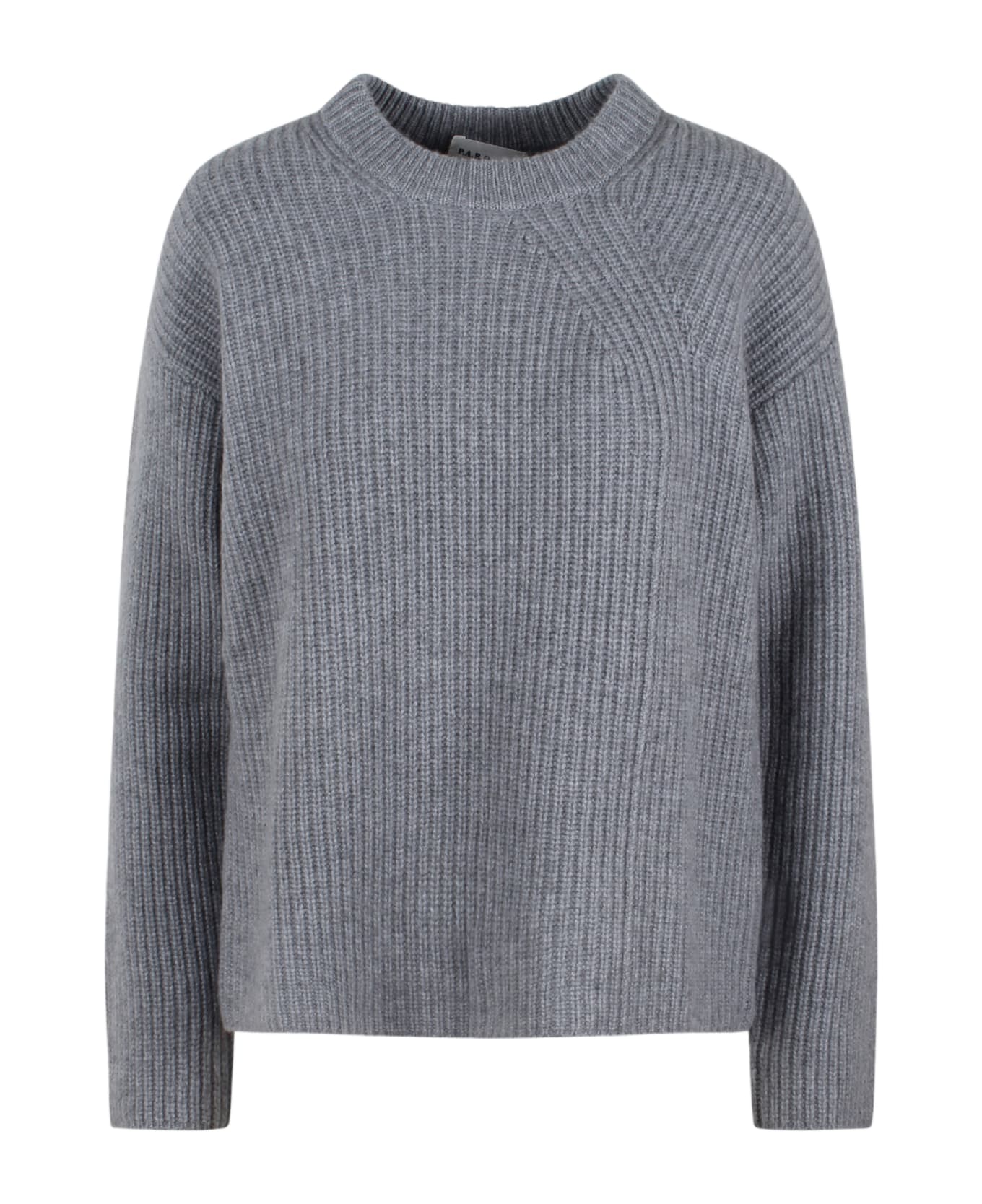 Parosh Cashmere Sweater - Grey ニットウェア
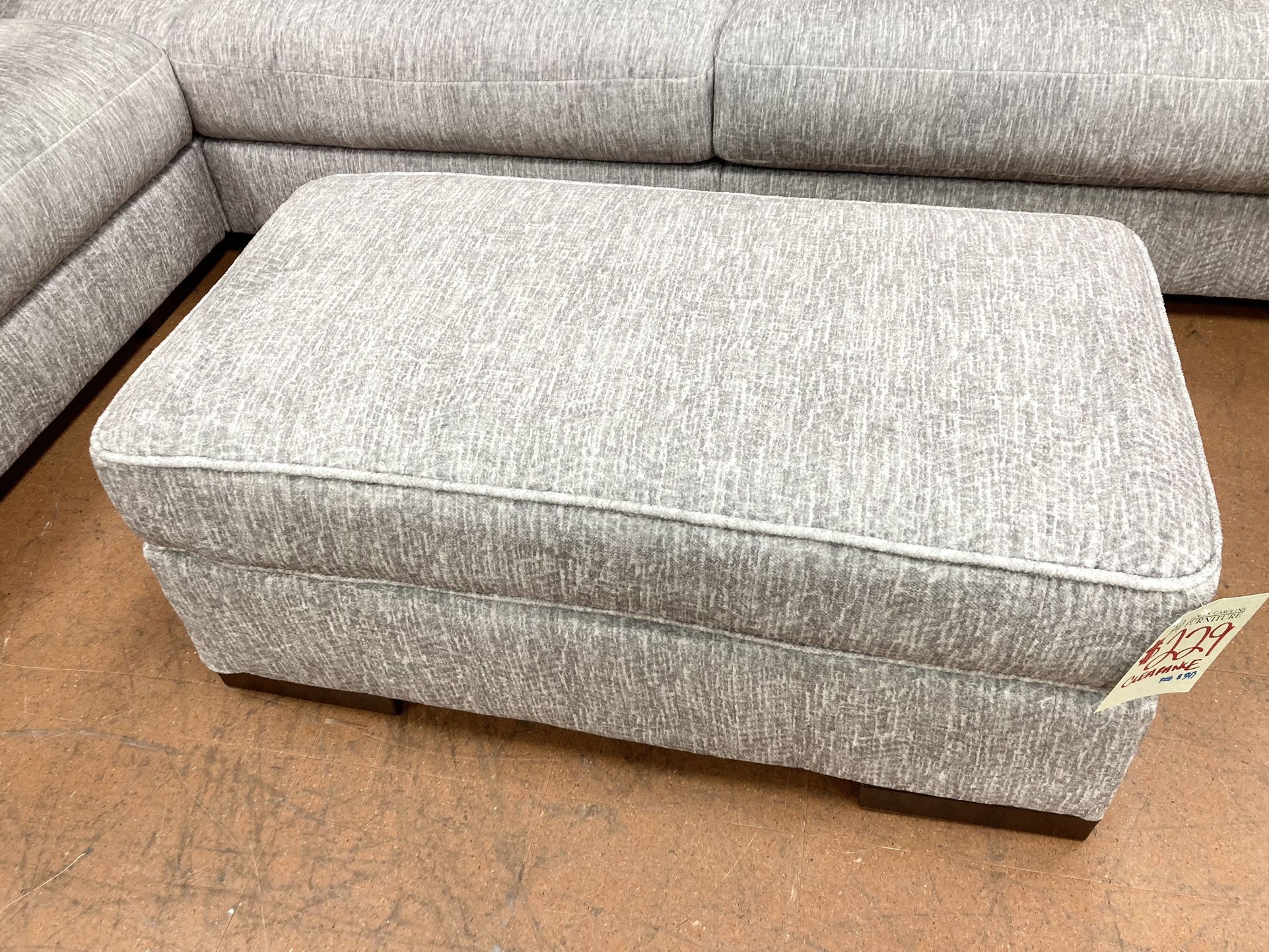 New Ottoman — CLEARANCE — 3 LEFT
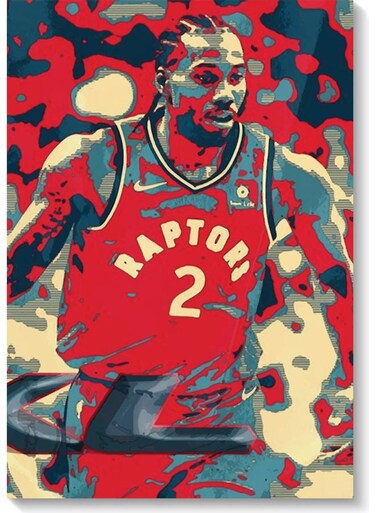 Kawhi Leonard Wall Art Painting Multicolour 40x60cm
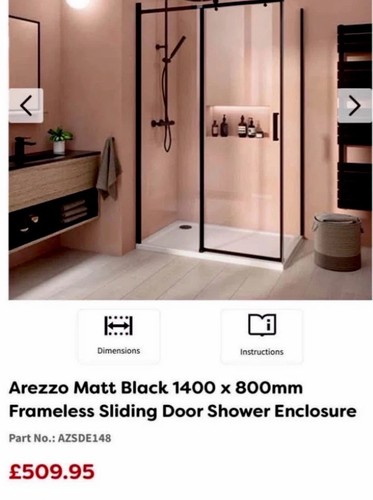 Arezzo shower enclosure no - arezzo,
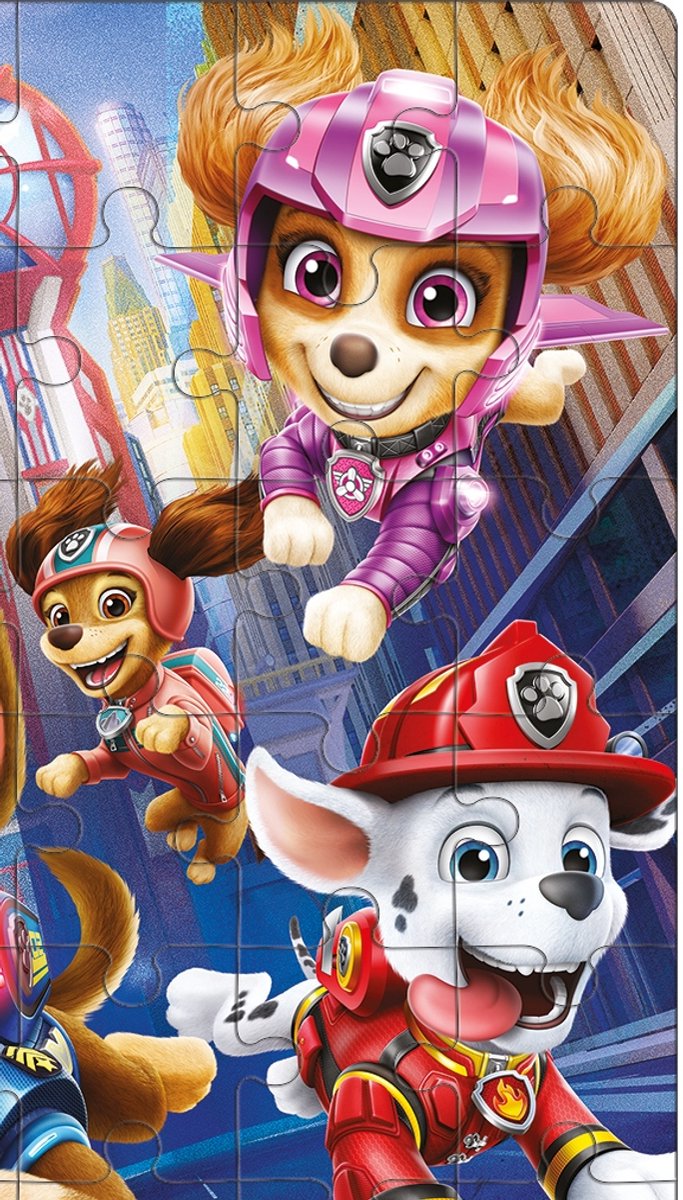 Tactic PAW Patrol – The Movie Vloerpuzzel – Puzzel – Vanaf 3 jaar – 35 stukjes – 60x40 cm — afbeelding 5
○ ○ ○ ○ ○
When you reach the line containing "Kawhi Leonard Wall" in the records above, write out that line and every line after it through the end, exactly, but omit the pictures.

Task response –
 Kawhi Leonard Wall Art Painting Multicolour 40x60cm
 Arezzo shower enclosure no - arezzo,
 Tactic PAW Patrol – The Movie Vloerpuzzel – Puzzel – Vanaf 3 jaar – 35 stukjes – 60x40 cm — afbeelding 5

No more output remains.